Range to copy from the entries below: the line containing "Kx3 Cargo Trousers Metal Grey 41" through the line containing "How Tattoos Have", inclusive. Retype only those lines, exactly, without any images.

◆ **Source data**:
*** Begin section ***
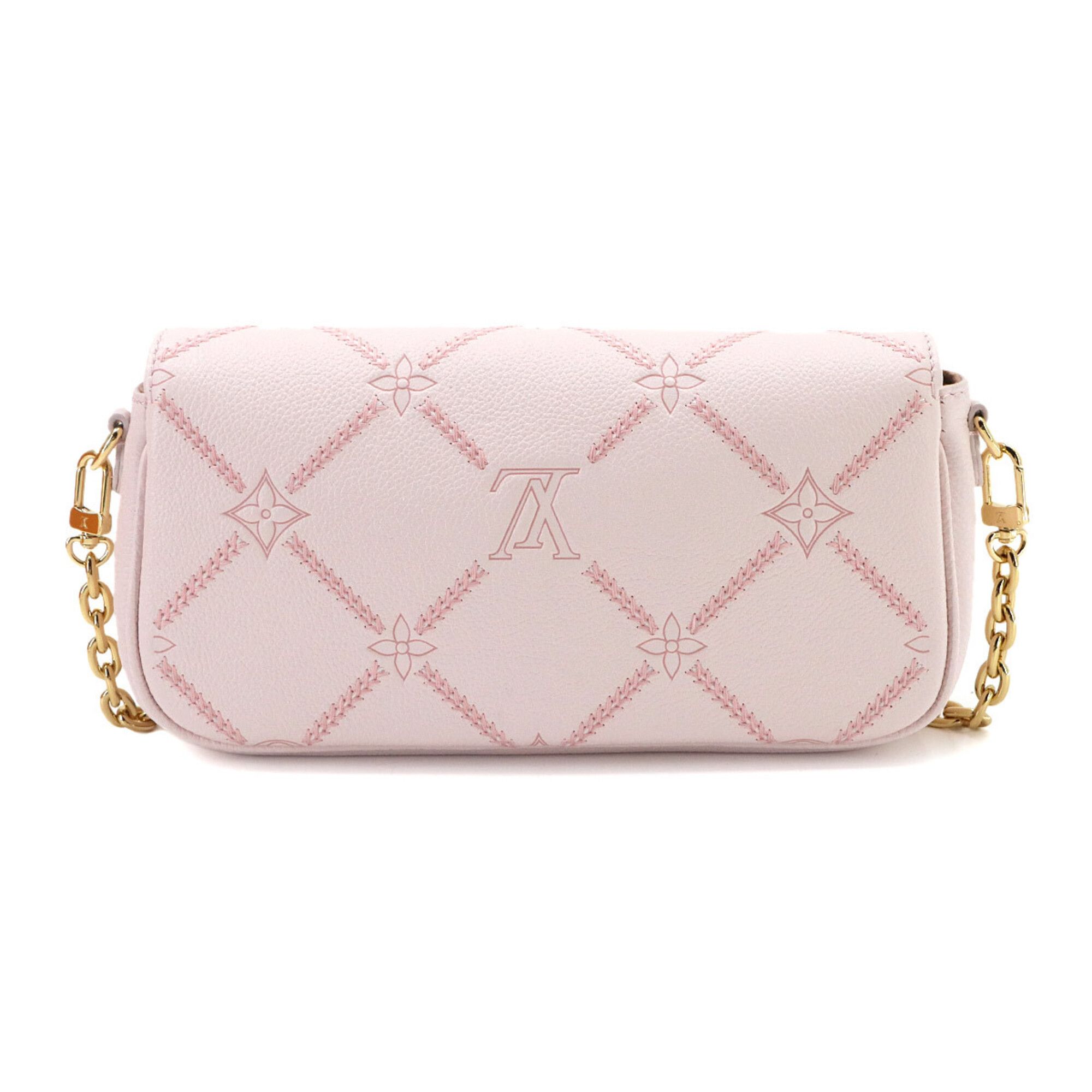 Monogram Empreinte Leather Shoulder Bag (Pre-Owned) - Louis Vuitton - Modalova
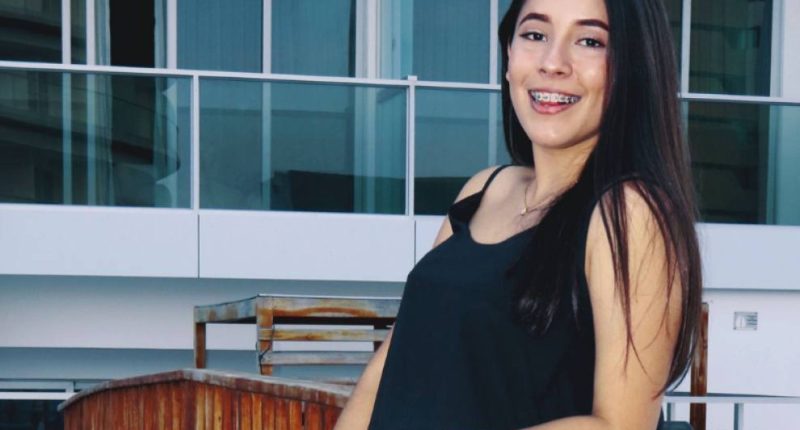 Ginna López y sus saleros: la divertida respuesta – La Voz del Altiplano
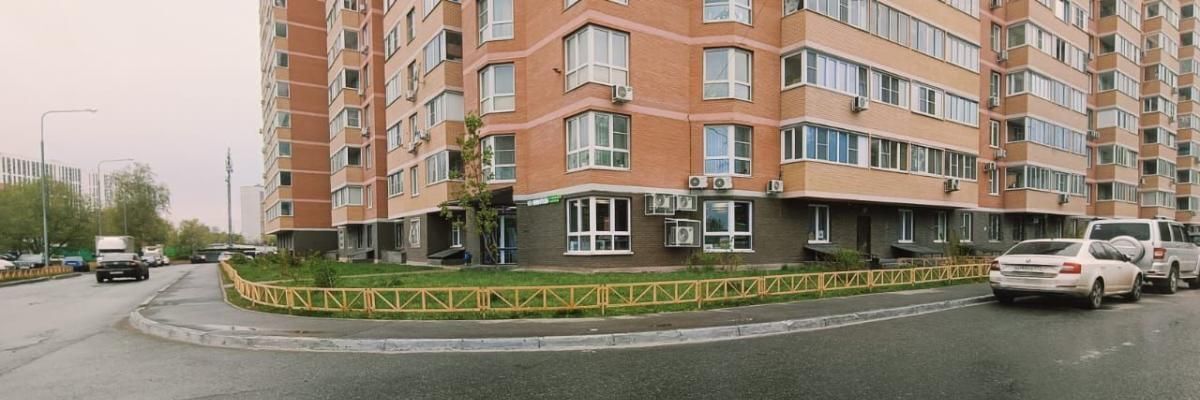 свободного назначения г Электросталь Восточный ул Захарченко 8 фото 1
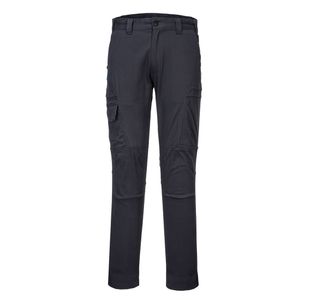 Kx3 Cargo Trousers Metal Grey 41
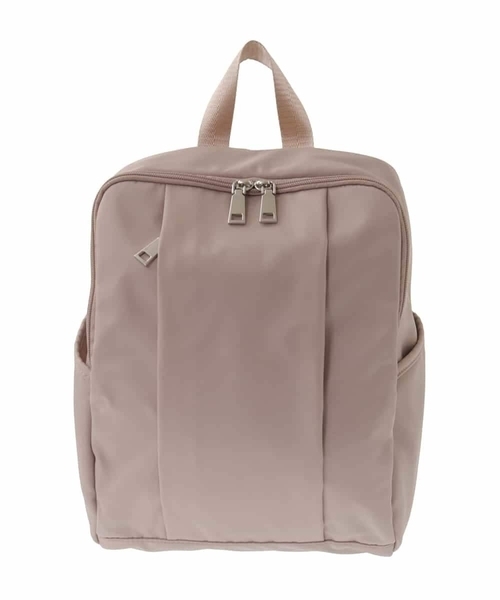 MK MICHEL KLEIN（エムケー ミッシェルクラン） デイバック リュック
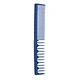 Amazon Hot Sale Salon Barber Products Carbon Plastic Comb For Daily And Salon Station High Temperature Resistant Comb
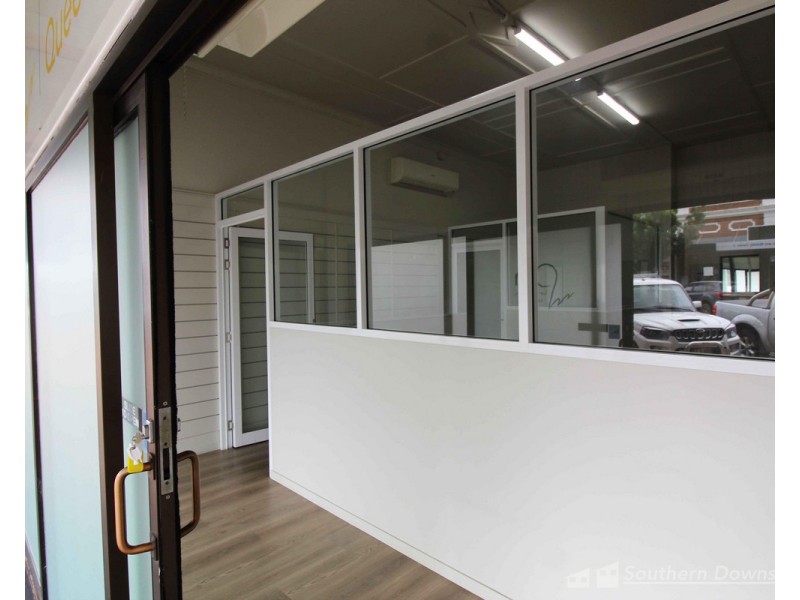 151 B Palmerin Street, Warwick QLD 4370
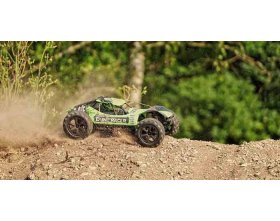 Dune Racer 1:10 4WD (zielony) | BS218T BSD RACING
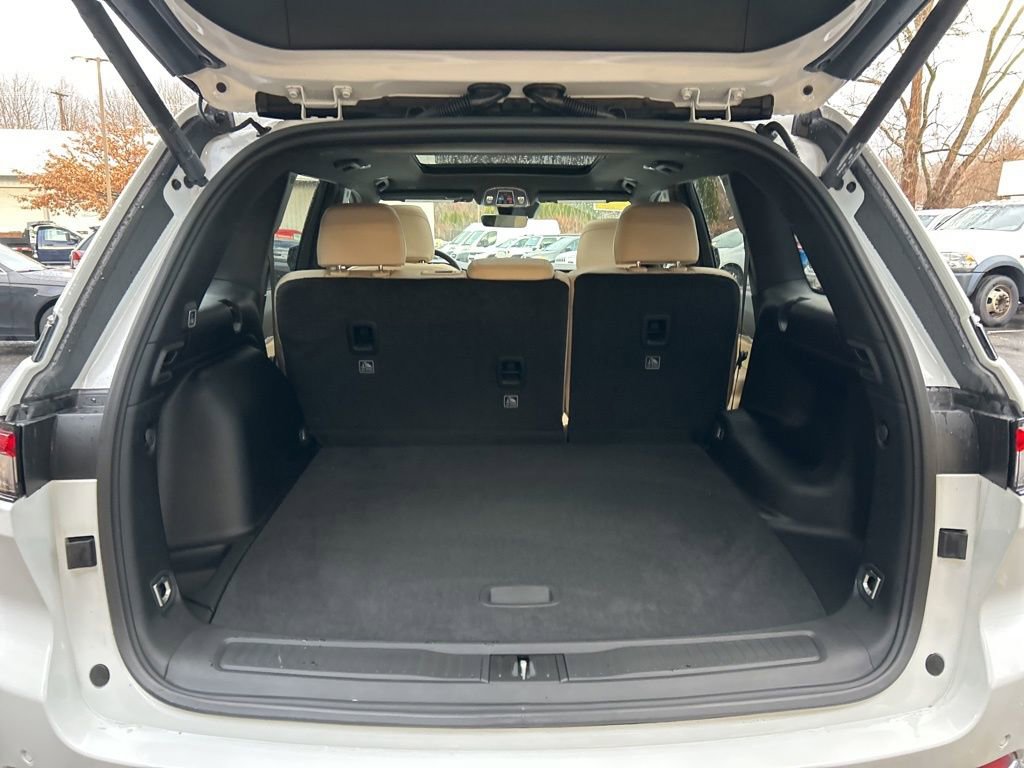 New 2025 Jeep Grand Cherokee Limited image 37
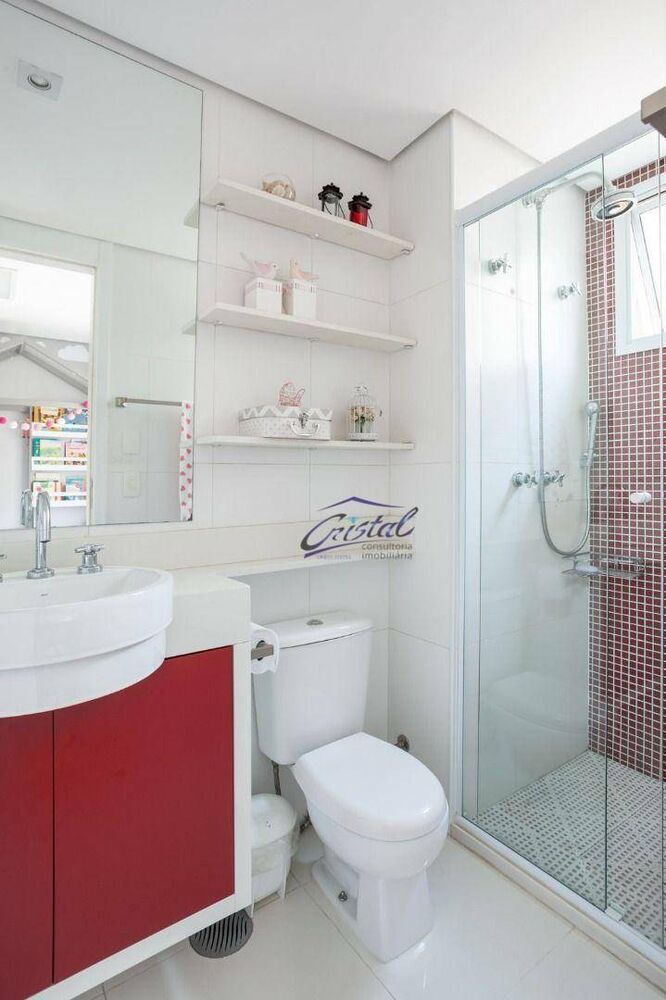 Apartamento, 3 quartos, 134 m² - Foto 5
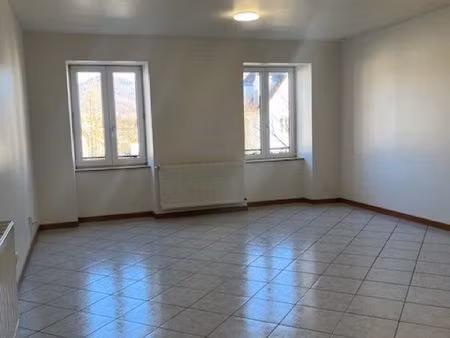 apparemment f3 plein centre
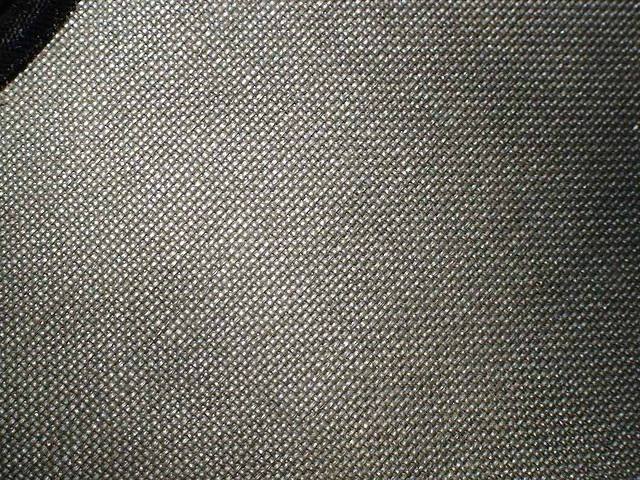 loomedstraw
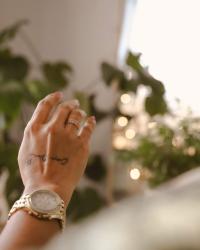How Tattoos Have Become a Statement of Personal Style 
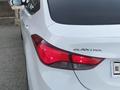 Hyundai Elantra 2014 годаүшін4 150 000 тг. в Атырау – фото 6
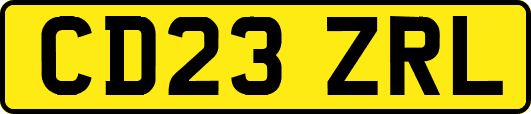 CD23ZRL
*** End section ***
◆ **Problem solution**:
 Kx3 Cargo Trousers Metal Grey 41
 MK MICHEL KLEIN（エムケー ミッシェルクラン） デイバック リュック
 Amazon Hot Sale Salon Barber Products Carbon Plastic Comb For Daily And Salon Station High Temperature Resistant Comb
 151 B Palmerin Street, Warwick QLD 4370
 Dune Racer 1:10 4WD (zielony) | BS218T BSD RACING
 New 2025 Jeep Grand Cherokee Limited image 37
 Apartamento, 3 quartos, 134 m² - Foto 5
 apparemment f3 plein centre
 loomedstraw
How Tattoos Have Become a Statement of Personal Style 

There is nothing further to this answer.